ROBOTICS

Our Learnings on Real-world Robotics Docker Workflows

July 10, 2026

by

Martin Llofriu Alonso

In a previous post, we discussed a potential development and deployment workflow that uses development containers (devcontainers) as the primary unit of software encapsulation. In this approach, the development environment is encoded and tracked by a devcontainer. That container image is, in turn, reused as a deployment medium in the robot.

In this post, we share some of the lessons we’ve learned while working with this system.  We hope our challenges, successes, and the insights gained along the way can help others considering a similar approach.

Lesson #1: Treat Docker images as production software

When used as a build system, Docker images have implicit requirements. They need to support building the entire codebase, running all tests, and running any standalone application.

Thus, one should embrace Docker image implementations as any other software development process:

  • survey and document requirements,
  • manage changes over them,
  • aim at fulfilling them one at a time with incremental improvements

If you’re replacing an existing build system, avoid breaking changes until the new implementation is fully functional.
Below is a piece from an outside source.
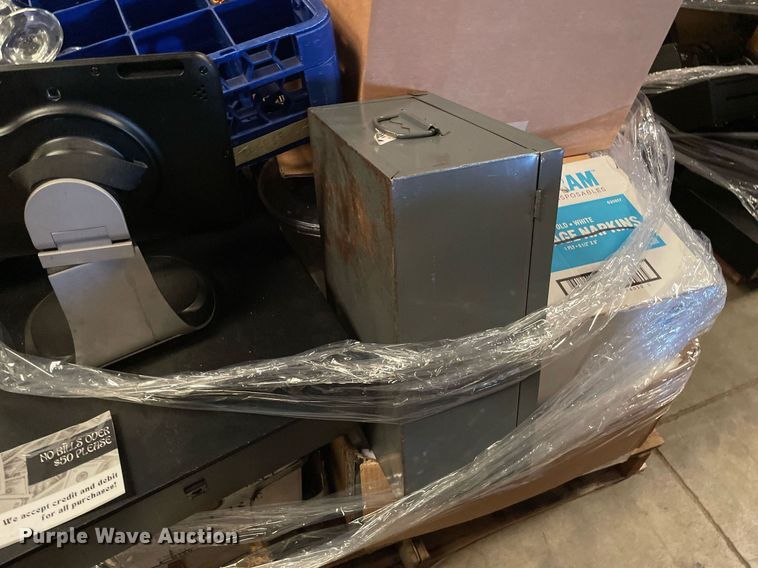 image for item NY9559 (14) pallets of restaurant equipment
Hot swaps rarely go as smoothly as expected.

Lesson #2: Easier pulled than built

Dockerfiles are easy to manage: they are lightweight text files that can be easily included in our repositories. Anyone with access to them and the Docker software can turn them into a working container, right?
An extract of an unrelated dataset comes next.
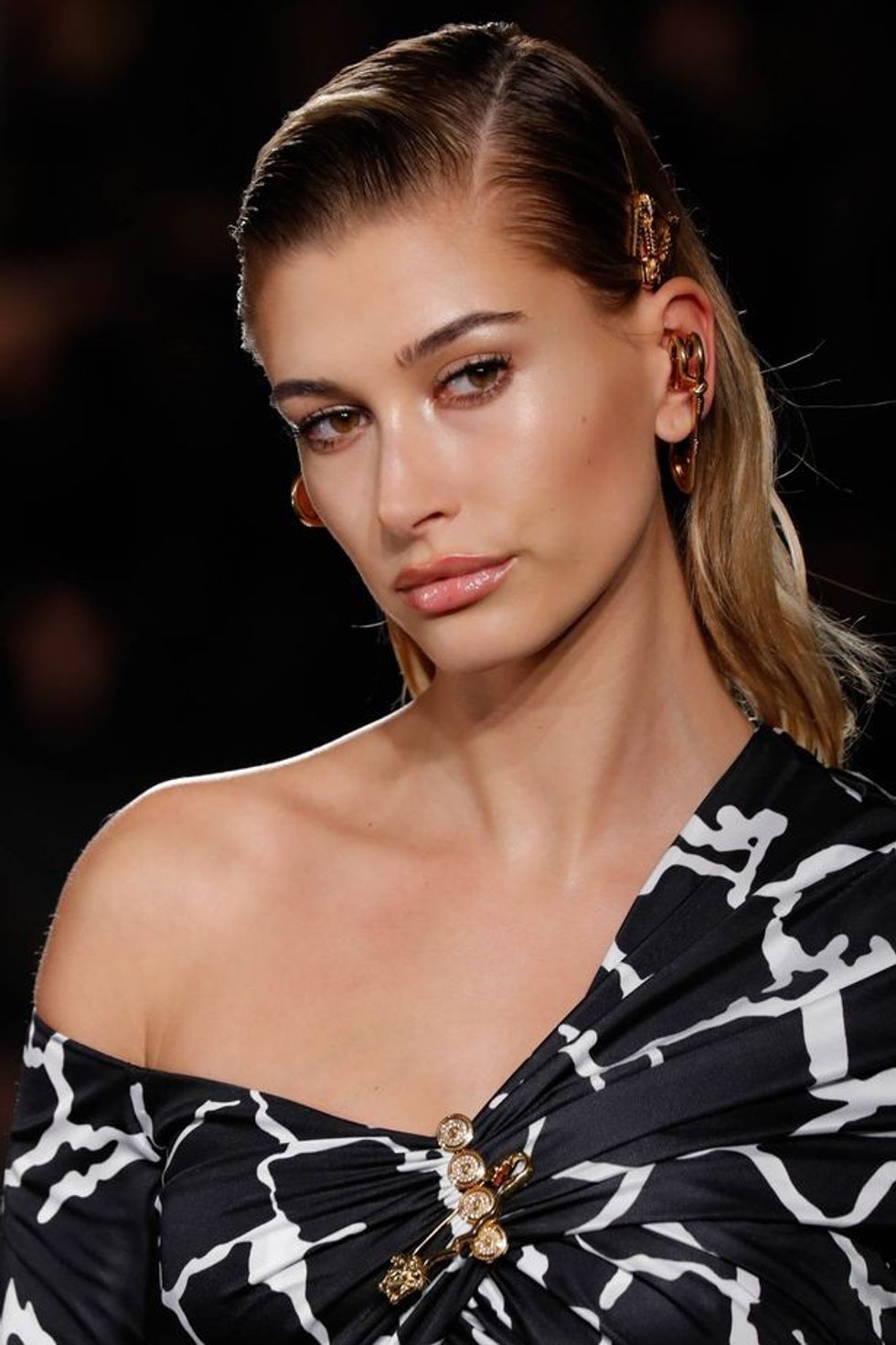 1 Versace Fall 2019 Runway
In practice, we have found that this is not always the case.

Docker builds take time and space (more on that later). They are also brittle, as they tend to depend on internet services, e.g. mirrors and indexes, being available and not banning you (I’m looking at you, raw.githubusercontent).

Not to mention end users with Windows and WSL setups…
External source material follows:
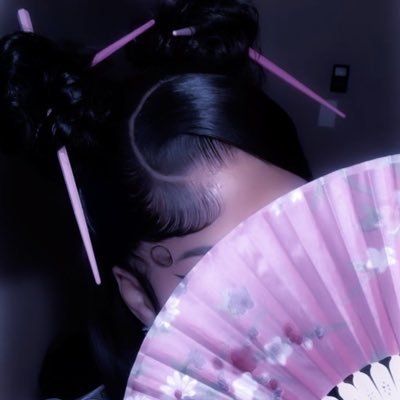 redtape_k's profile picture.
If you rely on each end user building their own images, you will still maintain as many build configurations as you have developers, which defeats the purpose of using a devcontainer in the first place.

At the end of the day, Docker images are software too, and they're usually better served already compiled.

We want to build our container images in a centralized process and serve them to end users ready to use. A CI that builds the Docker image and pushes it to a registry is a good example. Users can simply download the latest precompiled image as a nicely wrapped gift.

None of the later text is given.